▶ DATA EXCERPT:
----------------

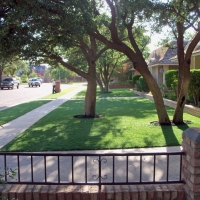 Synthetic Lawn Vineland, Colorado City Landscape, Front Yard Design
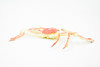 Crab, Spider Crab, Museum Quality, Hand Painted, Rubber Crustaceans, Realistic Toy Figure, Model, Replica, Kids, Educational, Gift,    7"    CH271 BB124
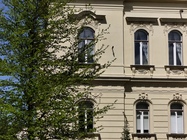 Xiaomi Redmi Note 14 Pro+ (Global)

----------------

▶ WHAT YOU WILL DO: Could you reproduce the listing above exactly and drop every picture?

▶ RESPONSE TO THIS TASK:
 Synthetic Lawn Vineland, Colorado City Landscape, Front Yard Design
 Crab, Spider Crab, Museum Quality, Hand Painted, Rubber Crustaceans, Realistic Toy Figure, Model, Replica, Kids, Educational, Gift,    7"    CH271 BB124
 Xiaomi Redmi Note 14 Pro+ (Global)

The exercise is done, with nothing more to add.